* _Available data_
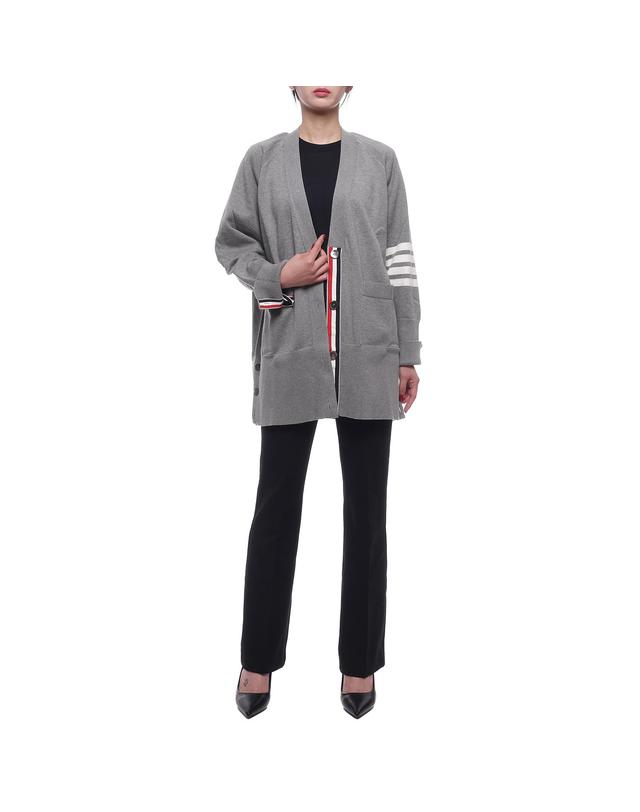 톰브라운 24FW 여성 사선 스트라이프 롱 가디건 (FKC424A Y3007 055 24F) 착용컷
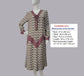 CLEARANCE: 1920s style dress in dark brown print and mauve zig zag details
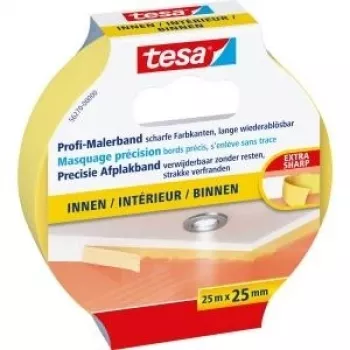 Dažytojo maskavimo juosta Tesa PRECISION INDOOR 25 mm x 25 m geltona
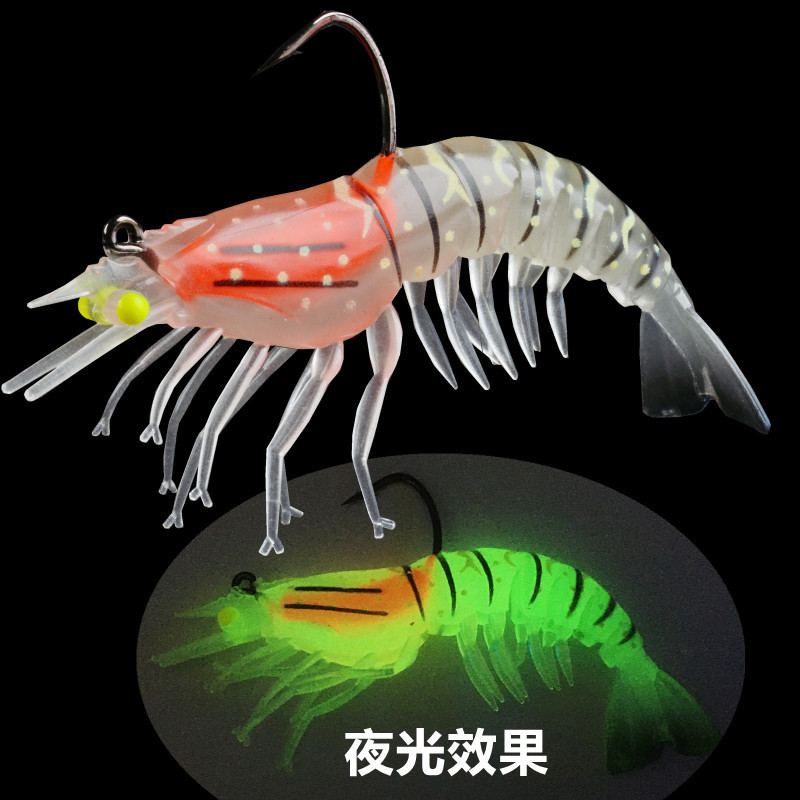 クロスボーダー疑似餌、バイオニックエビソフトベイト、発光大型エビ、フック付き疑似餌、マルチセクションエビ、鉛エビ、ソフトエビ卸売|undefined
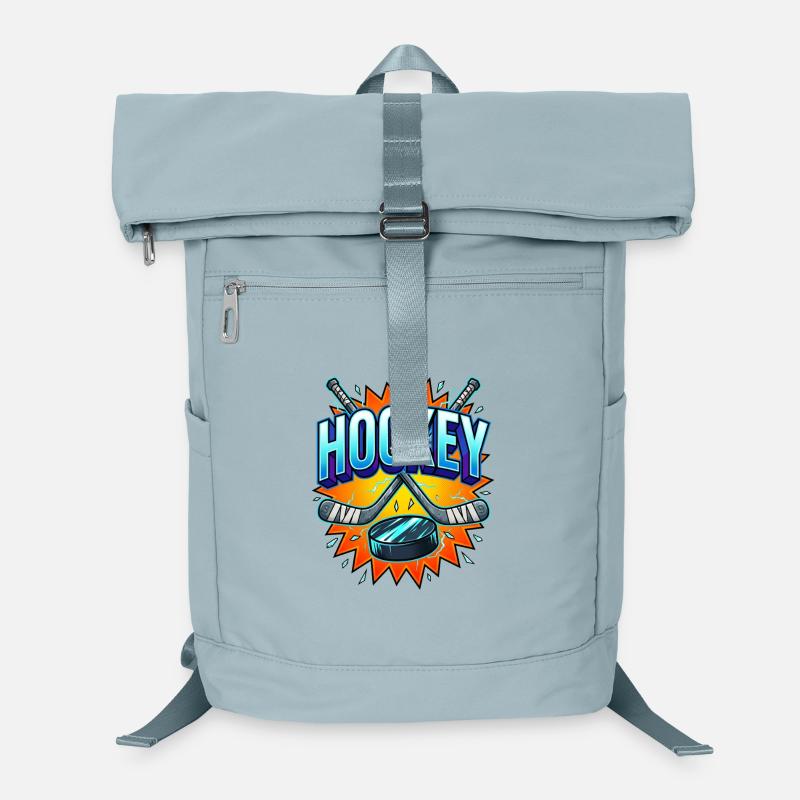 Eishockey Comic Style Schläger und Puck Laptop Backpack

* _Exercise objective_
Starting at the line with "クロスボーダー疑似餌、バイオ", transcribe the listing above exactly through its last line. No picture belongs in the transcription.

* _Response box_
 クロスボーダー疑似餌、バイオニックエビソフトベイト、発光大型エビ、フック付き疑似餌、マルチセクションエビ、鉛エビ、ソフトエビ卸売|undefined
 Eishockey Comic Style Schläger und Puck Laptop Backpack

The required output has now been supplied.